Introduction
LeetCode 55: Jump Game is a fundamental problem that teaches you how to evaluate reachability within an array. You're given an array where each element represents the maximum number of steps you can jump forward. The task is to determine whether you can reach the last index starting from the first index.
It’s a common interview problem and can be solved efficiently with a greedy approach.
Problem Statement
You are given an array of non-negative integers nums
. Each element represents your maximum jump length at that position.
Return true
if you can reach the last index, or false
otherwise.
Example:
go
Input: nums = [2, 3, 1, 1, 4]
Output: true
Explanation: You can jump to the last index as follows: 0 → 1 → 4
Counter Example:
go
Input: nums = [3, 2, 1, 0, 4]
Output: false
Explanation: You will get stuck at index 3 with no way to reach index 4.
Constraints
1 <= nums.length <= 10⁴
0 <= nums[i] <= 10⁵
Approach: Greedy Algorithm
The key idea is to always track the farthest index you can reach. At each step:
- If the current index is beyond your max reach, return
false
.
- Update the farthest reach.
- If the farthest reach is greater than or equal to the last index, return
true
.
Go Implementation
go
func canJump(nums []int) bool {
farthest := 0
for i := 0; i <= farthest; i++ {
farthest = max(farthest, i+nums[i])
if farthest >= len(nums)-1 {
return true
}
}
return false
}
func max(a, b int) int {
if a > b {
return a
}
return b
}
Example Walkthrough
Given nums = [2, 3, 1, 1, 4]
:
- Start at index 0: max reach = 0 + 2 = 2
- Index 1: max reach = max(2, 1 + 3) = 4
- Index 2: max reach = max(4, 2 + 1) = 4
Now farthest = 4
, which is the last index. Return true
.
Time and Space Complexity
MetricComplexityTime ComplexityO(n)Space ComplexityO(1)

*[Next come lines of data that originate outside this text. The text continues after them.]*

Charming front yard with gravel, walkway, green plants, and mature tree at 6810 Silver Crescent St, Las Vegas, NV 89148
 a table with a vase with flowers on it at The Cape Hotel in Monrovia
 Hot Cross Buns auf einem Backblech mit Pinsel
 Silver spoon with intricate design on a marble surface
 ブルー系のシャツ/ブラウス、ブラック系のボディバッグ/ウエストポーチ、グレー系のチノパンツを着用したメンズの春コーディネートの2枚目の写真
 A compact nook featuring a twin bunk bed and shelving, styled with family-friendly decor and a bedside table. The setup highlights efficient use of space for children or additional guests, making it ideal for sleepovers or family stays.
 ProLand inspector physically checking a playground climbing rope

Efficient single pass with constant space.
Edge Cases
- Single element array: Always
true
.
- All elements are zeros except the first: If first is big enough →
true
, else false
.
- Large arrays with zero in the middle: Must check if it can be jumped over.
Alternative Approaches
- Dynamic Programming (Bottom-up or Top-down): Solves the problem but uses more space and time.
- BFS/DFS: Too slow for large inputs (TLE on LeetCode).
Key Takeaways
- Track the farthest reachable index at each step.
- Greedy approach avoids unnecessary computation.
- One of the most optimal solutions for this problem.